Context and the Future of Web Content Management.

Tom Wentworth, from Ektron, has written an inspirational article on Forbes called "http://www.forbes.com/sites/ciocentral/2011/08/30/context-will-drive-the-future-of-web-content-management/". The article describes a very legitimate strategy for achieving a goal that CMS customers all want: serving their audiences with the right content, at the right time, and in the right format. The strategy, which uses visitor context (location and device) to infer intent and other preferences, is something that a CMS can help with. Content management systems have been introducing increasingly sophisticated profiling and presentation functionality to implement elaborate display logic. Content management systems have always been able to capture the metadata and other configuration that drives this logic.

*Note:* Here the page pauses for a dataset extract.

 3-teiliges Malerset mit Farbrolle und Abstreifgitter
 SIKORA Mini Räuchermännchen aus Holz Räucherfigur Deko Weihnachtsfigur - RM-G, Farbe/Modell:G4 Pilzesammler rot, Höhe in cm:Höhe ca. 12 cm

The right CMS will give you the capability. But that is only part (and a really small one) of what is needed to be successful in this strategy. The bigger, harder part is designing, implementing, and testing the rules behind this logic. How would you treat a visitor differently if you knew his context? The fact is that you still don't know the visitor and what he wants. Context may give you a clue or a hint, but you can't be sure. You can only make assumptions and these assumptions may be very wrong.

These assumptions are like any stereotype. Sometimes they are accurate and you look like you have some kind of sixth sense. But when they are wrong, you better be prepared for damage control because you can look like an idiot and frustrate people. Success with a context-based strategy, or any other personalization depends on 1) knowing the likelihood of being wrong, 2) knowing when you were actually wrong, and 3) recovering from a mistake.

Let's take these elements in a concrete example. Let's say you work for a movie theater company and have a theory that the mobile visitors to your website only want to see showtimes and directions. One of your customers sees a help wanted sign at one of the theaters with a link for information on how to apply. This young applicant's only computer is a smart phone (an increasingly common phenomenon). He goes to the website and is redirected to a mini-site that only has show times and directions. He can't get to the desktop version of the site with job information. You just lost a job applicant and embarrassed yourself.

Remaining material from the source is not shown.